THE TASK >> Could you repeat every record below exactly, leaving out the pictures?

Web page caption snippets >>
BEGIN

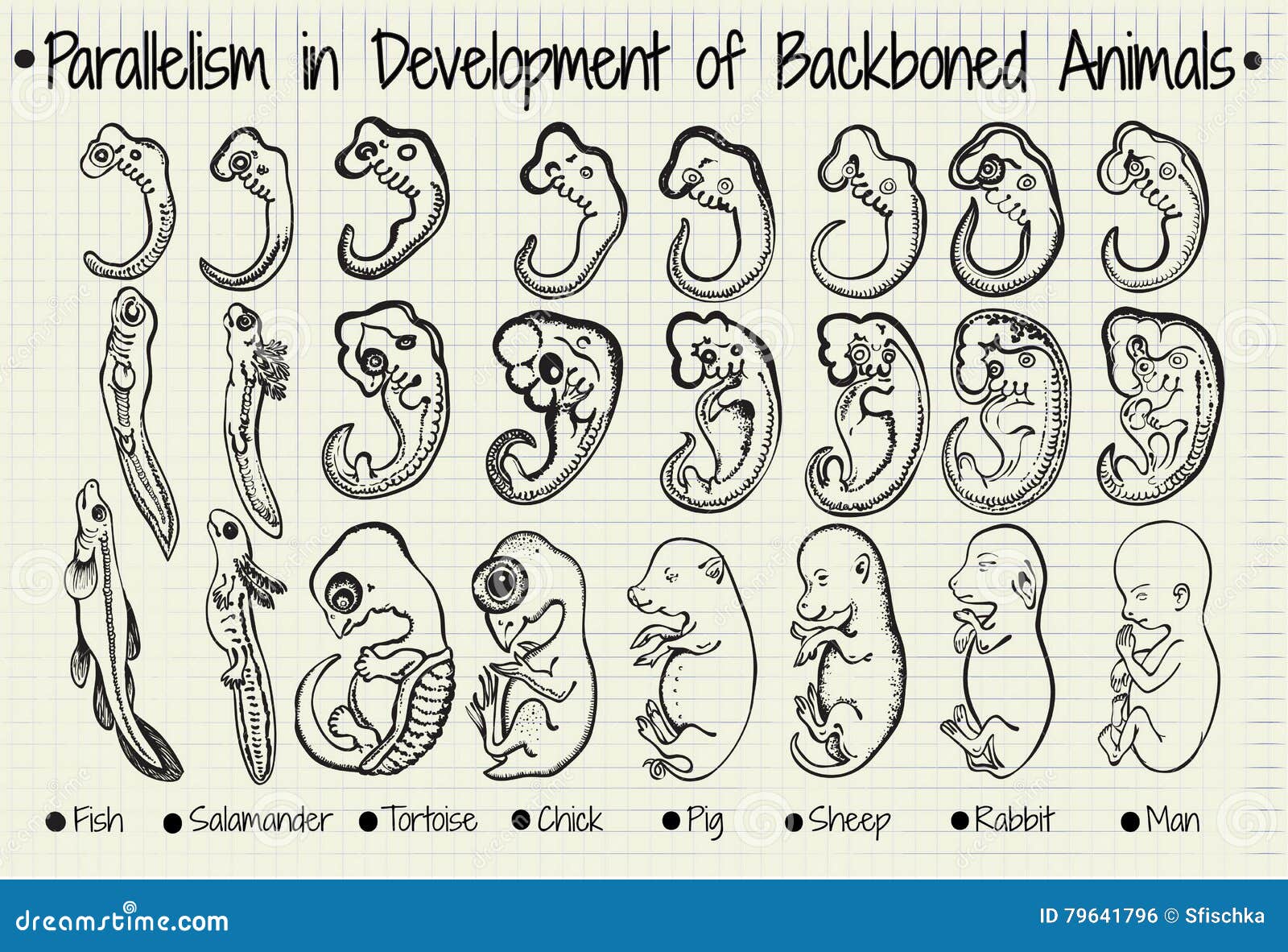 diagram of the parallel development of the backboned
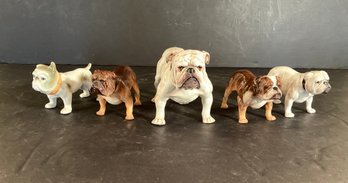 5 Royal Doulton Porcelain Bull Dogs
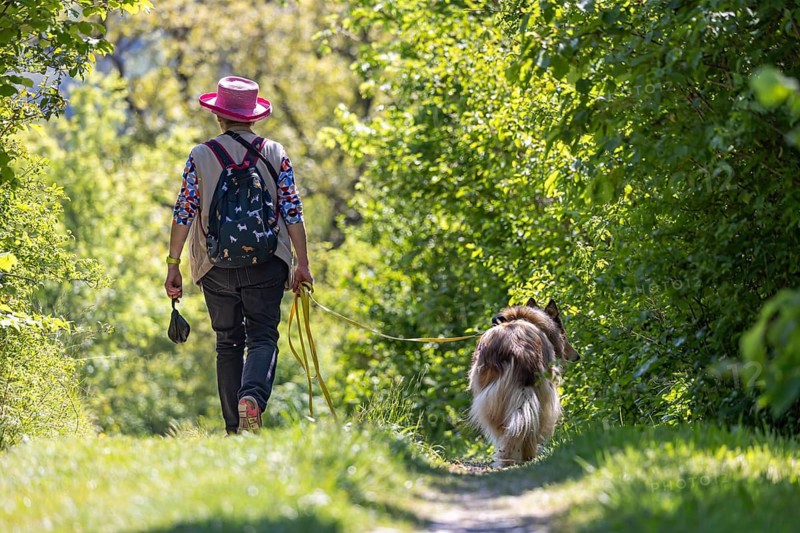 A woman with her dog wanders through the countryside of the Swabian Jura in spring. Neuffener Heide am Albtrauf. Neuffen, Baden-Württemberg, Germany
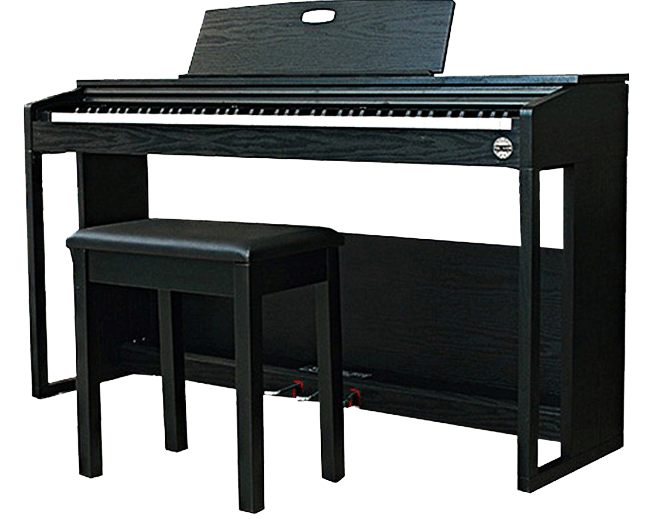 Đánh giá TOP 5 thương hiệu đàn piano điện tốt nhất hiện nay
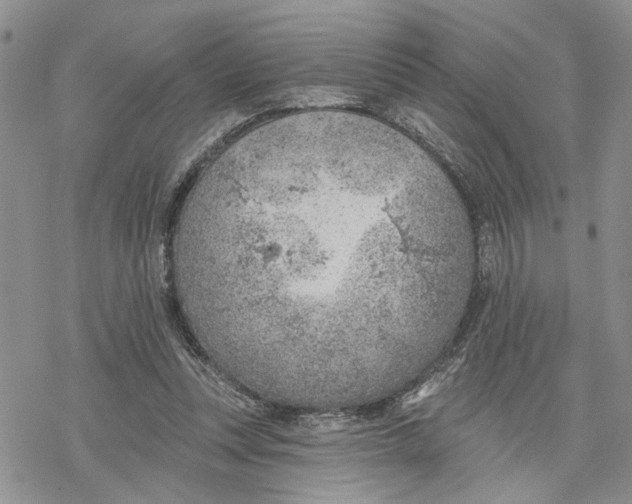 X0000078230351200611251219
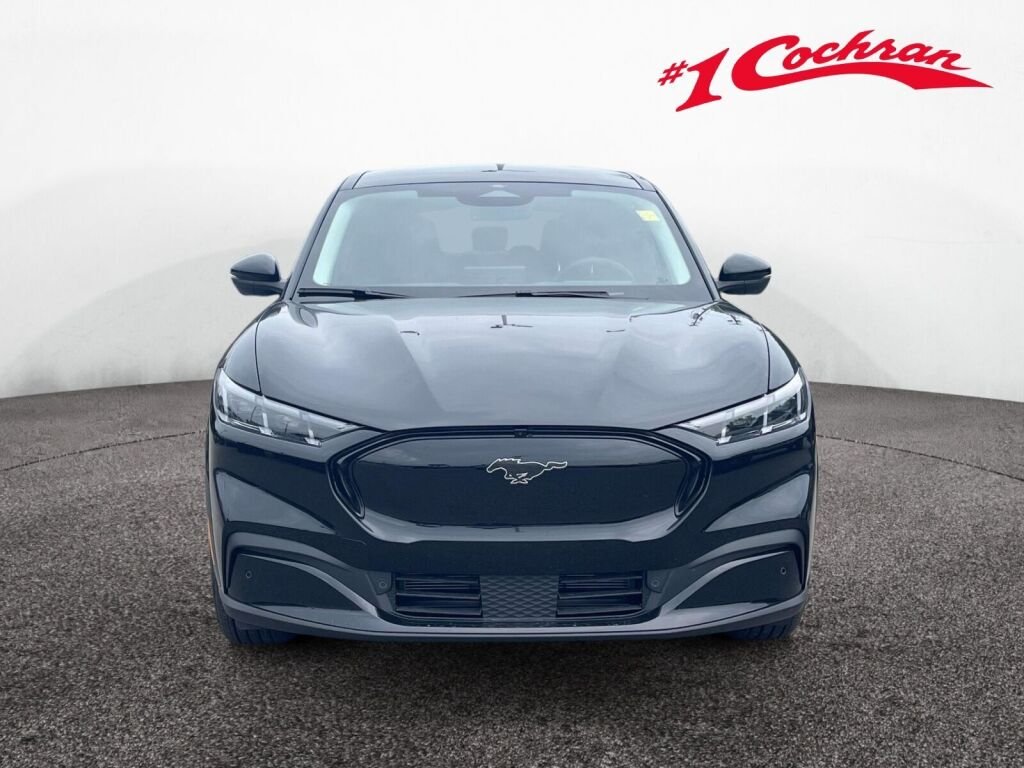 New 2026 Shadow Black Ford Premium image 12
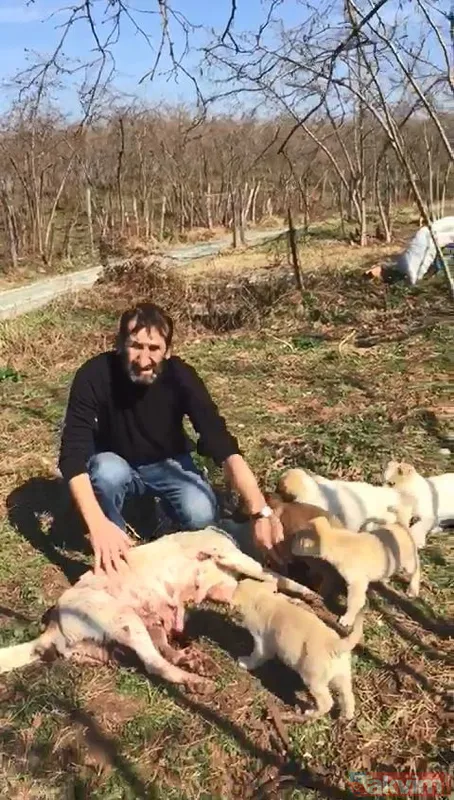 Duygulandıran görüntü! Pompalı tüfekle öldürülen köpeğin 7 yavrusu başından ayrılmadı - 5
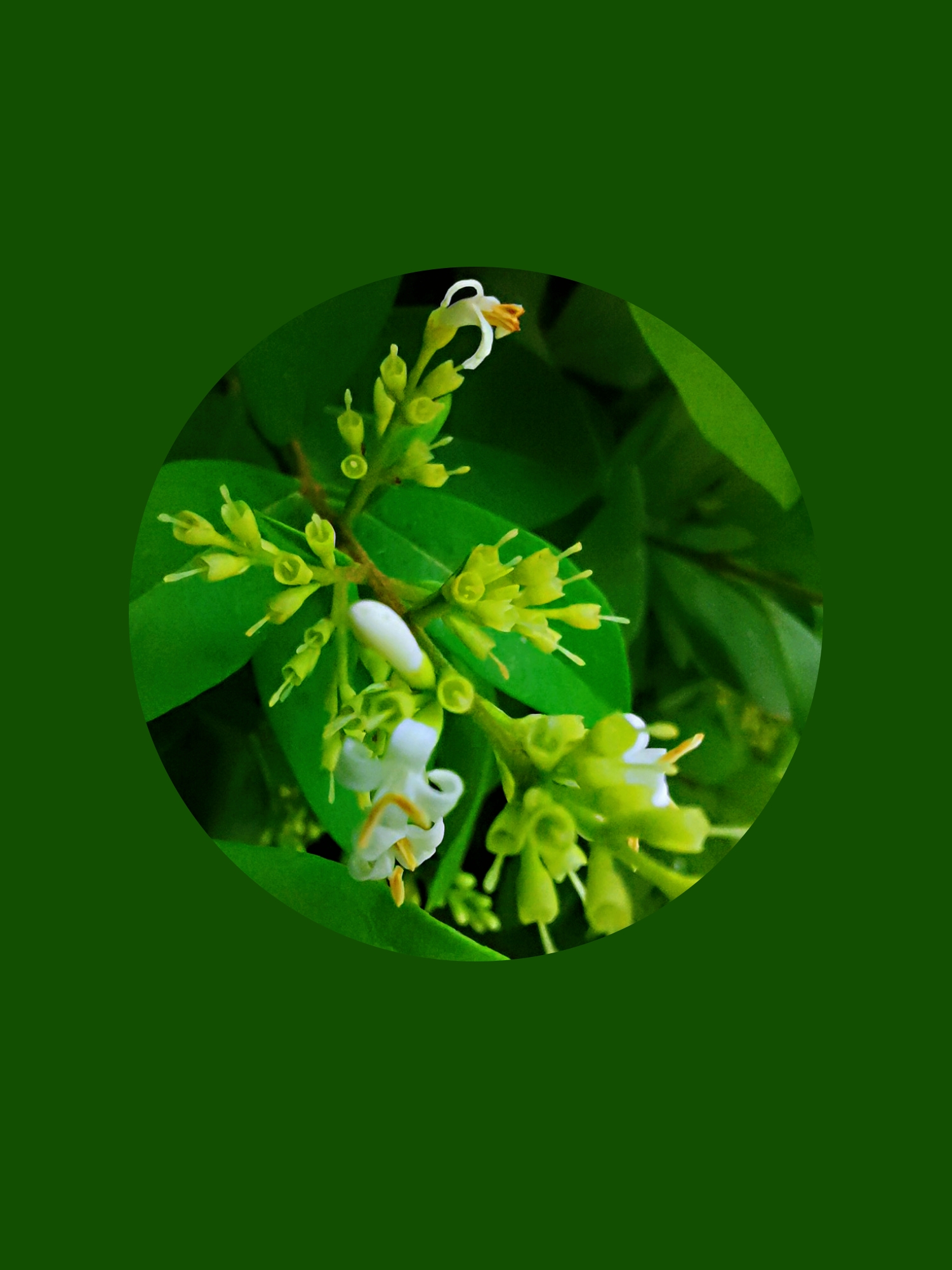 rehder)是木犀科女贞属植物,金叶女贞的叶子为绚丽的金黄色,花为银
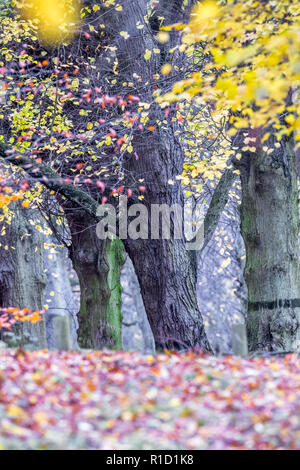 Les tilleuls le long de l'avenue de tilleul, Clumber Park, Nottinghamshire, Angleterre. Banque D'Images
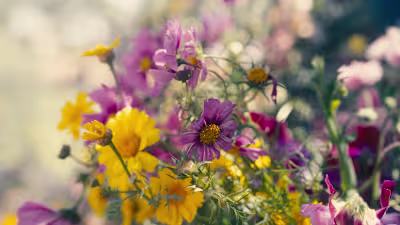 Magpie Floral | Brand Story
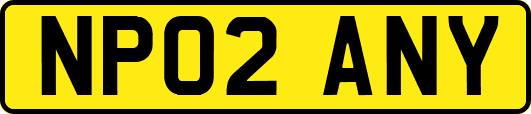 NP02ANY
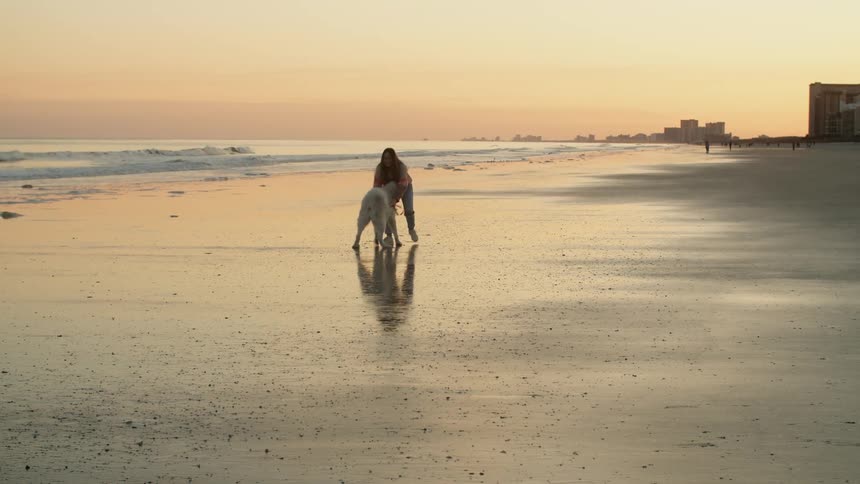 Young woman wearing a colorful sweater plays with a dog on the beach at sunset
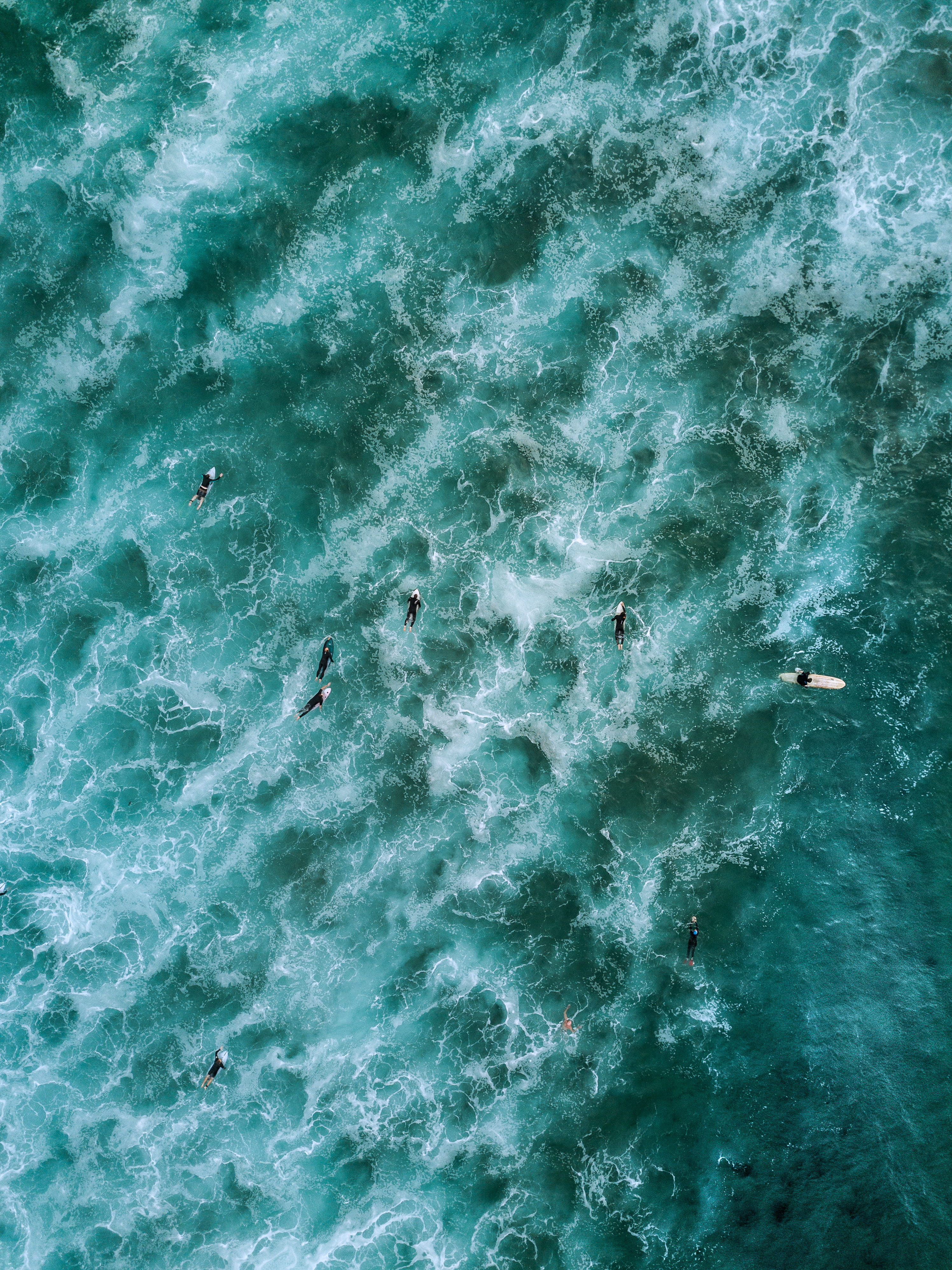 drone shot, swimming, group of animals, no people, turquoise colored, floating, animal, sea, surfboarding, surfers, animal themes, fish, outdoors, high angle view, Phone HD Wallpaper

END

OUTPUT BELOW >>
 diagram of the parallel development of the backboned
 5 Royal Doulton Porcelain Bull Dogs
 A woman with her dog wanders through the countryside of the Swabian Jura in spring. Neuffener Heide am Albtrauf. Neuffen, Baden-Württemberg, Germany
 Đánh giá TOP 5 thương hiệu đàn piano điện tốt nhất hiện nay
 X0000078230351200611251219
 New 2026 Shadow Black Ford Premium image 12
 Duygulandıran görüntü! Pompalı tüfekle öldürülen köpeğin 7 yavrusu başından ayrılmadı - 5
 rehder)是木犀科女贞属植物,金叶女贞的叶子为绚丽的金黄色,花为银
 Les tilleuls le long de l'avenue de tilleul, Clumber Park, Nottinghamshire, Angleterre. Banque D'Images
 Magpie Floral | Brand Story
 NP02ANY
 Young woman wearing a colorful sweater plays with a dog on the beach at sunset
 drone shot, swimming, group of animals, no people, turquoise colored, floating, animal, sea, surfboarding, surfers, animal themes, fish, outdoors, high angle view, Phone HD Wallpaper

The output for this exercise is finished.